= Behind the Badge =

Public safety news site

Behind the Badge is a website that provides news and feature stories from a public safety perspective, including crime, trends and features about public safety workers. Behind the Badge was formerly known as Behind the Badge OC, as it is based in Orange County, California.

==Purpose==
The goal of Behind the Badge is to inform the public about the growing complexity and evolving standards of modern policing and firefighting. Behind the Badge has published more than 5,000 articles, columns and videos, reaching hundreds of millions of people, and has been picked up by local, regional and national media.

==Recognition==
Behind the Badge has won 66 awards for writing, video and photography. Most recently, Behind the Badge won awards in the OC Press Club's 2025 contest.

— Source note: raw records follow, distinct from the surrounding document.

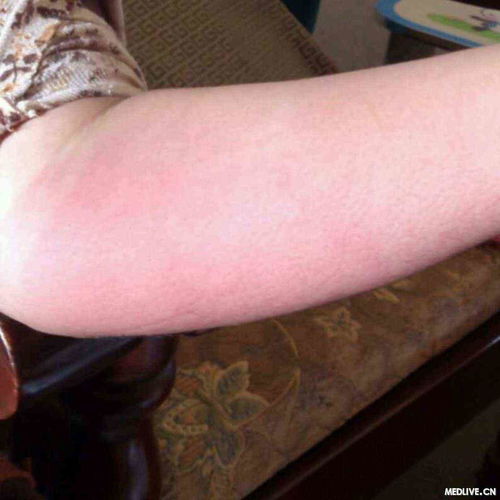 前期艾滋病症状 前期艾滋病症状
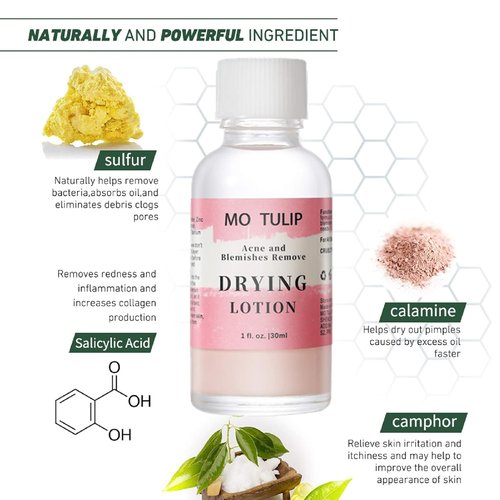 MO TULIP Acne Drying Lotion - Overnight Spot Treatment for Face & Body | 1 oz Pimple & Blemish Solution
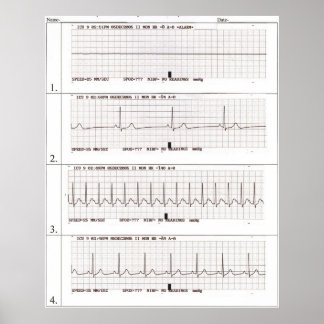 ekg Rhythms Poster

Behind the Badge also received awards for its writing, multimedia, and photography from the OC Press Club's annual contests in 2024, 2023, 2021, 2020 (awarded during an online presentation), 2019, 2018, 2017, and 2016, all for work produced the previous year.

In August 2022, Behind the Badge was honored with a Certificate of Recognition from Congresswoman Michelle Steel for sharing stories about first responders.

The majority of funding for Behind the Badge comes from participating agencies. Behind the Badge is produced by Cornerstone Communications.